-- Work to complete --
All that is needed is the listing, given back exactly.
--
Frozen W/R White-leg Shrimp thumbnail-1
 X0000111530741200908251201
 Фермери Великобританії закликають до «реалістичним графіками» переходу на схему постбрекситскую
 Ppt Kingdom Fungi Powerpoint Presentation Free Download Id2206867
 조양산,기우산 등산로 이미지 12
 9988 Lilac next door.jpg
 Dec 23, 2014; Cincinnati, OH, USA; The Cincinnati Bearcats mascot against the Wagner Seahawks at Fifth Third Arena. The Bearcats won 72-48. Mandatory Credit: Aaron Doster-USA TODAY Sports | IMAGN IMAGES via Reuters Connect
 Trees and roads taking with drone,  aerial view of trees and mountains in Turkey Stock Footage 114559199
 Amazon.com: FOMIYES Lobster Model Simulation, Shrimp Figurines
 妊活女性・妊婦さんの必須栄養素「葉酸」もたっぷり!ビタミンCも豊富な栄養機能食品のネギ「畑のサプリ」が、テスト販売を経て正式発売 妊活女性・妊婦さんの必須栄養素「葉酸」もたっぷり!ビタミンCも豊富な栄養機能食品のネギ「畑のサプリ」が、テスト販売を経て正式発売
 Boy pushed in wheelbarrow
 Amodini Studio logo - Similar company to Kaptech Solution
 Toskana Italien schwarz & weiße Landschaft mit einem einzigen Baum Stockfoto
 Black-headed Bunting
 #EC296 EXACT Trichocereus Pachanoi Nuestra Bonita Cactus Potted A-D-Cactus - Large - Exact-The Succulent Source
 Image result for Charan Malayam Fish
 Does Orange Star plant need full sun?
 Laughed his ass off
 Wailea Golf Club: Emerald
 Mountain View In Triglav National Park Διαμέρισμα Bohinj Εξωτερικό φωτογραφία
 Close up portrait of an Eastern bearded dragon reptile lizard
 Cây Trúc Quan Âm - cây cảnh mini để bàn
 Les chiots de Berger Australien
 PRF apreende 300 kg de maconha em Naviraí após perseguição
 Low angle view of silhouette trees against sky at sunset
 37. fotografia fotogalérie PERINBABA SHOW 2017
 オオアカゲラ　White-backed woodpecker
--
-- Exercise result --
Frozen W/R White-leg Shrimp thumbnail-1
 X0000111530741200908251201
 Фермери Великобританії закликають до «реалістичним графіками» переходу на схему постбрекситскую
 Ppt Kingdom Fungi Powerpoint Presentation Free Download Id2206867
 조양산,기우산 등산로 이미지 12
 9988 Lilac next door.jpg
 Dec 23, 2014; Cincinnati, OH, USA; The Cincinnati Bearcats mascot against the Wagner Seahawks at Fifth Third Arena. The Bearcats won 72-48. Mandatory Credit: Aaron Doster-USA TODAY Sports | IMAGN IMAGES via Reuters Connect
 Trees and roads taking with drone,  aerial view of trees and mountains in Turkey Stock Footage 114559199
 Amazon.com: FOMIYES Lobster Model Simulation, Shrimp Figurines
 妊活女性・妊婦さんの必須栄養素「葉酸」もたっぷり!ビタミンCも豊富な栄養機能食品のネギ「畑のサプリ」が、テスト販売を経て正式発売 妊活女性・妊婦さんの必須栄養素「葉酸」もたっぷり!ビタミンCも豊富な栄養機能食品のネギ「畑のサプリ」が、テスト販売を経て正式発売
 Boy pushed in wheelbarrow
 Amodini Studio logo - Similar company to Kaptech Solution
 Toskana Italien schwarz & weiße Landschaft mit einem einzigen Baum Stockfoto
 Black-headed Bunting
 #EC296 EXACT Trichocereus Pachanoi Nuestra Bonita Cactus Potted A-D-Cactus - Large - Exact-The Succulent Source
 Image result for Charan Malayam Fish
 Does Orange Star plant need full sun?
 Laughed his ass off
 Wailea Golf Club: Emerald
 Mountain View In Triglav National Park Διαμέρισμα Bohinj Εξωτερικό φωτογραφία
 Close up portrait of an Eastern bearded dragon reptile lizard
 Cây Trúc Quan Âm - cây cảnh mini để bàn
 Les chiots de Berger Australien
 PRF apreende 300 kg de maconha em Naviraí após perseguição
 Low angle view of silhouette trees against sky at sunset
 37. fotografia fotogalérie PERINBABA SHOW 2017
 オオアカゲラ　White-backed woodpecker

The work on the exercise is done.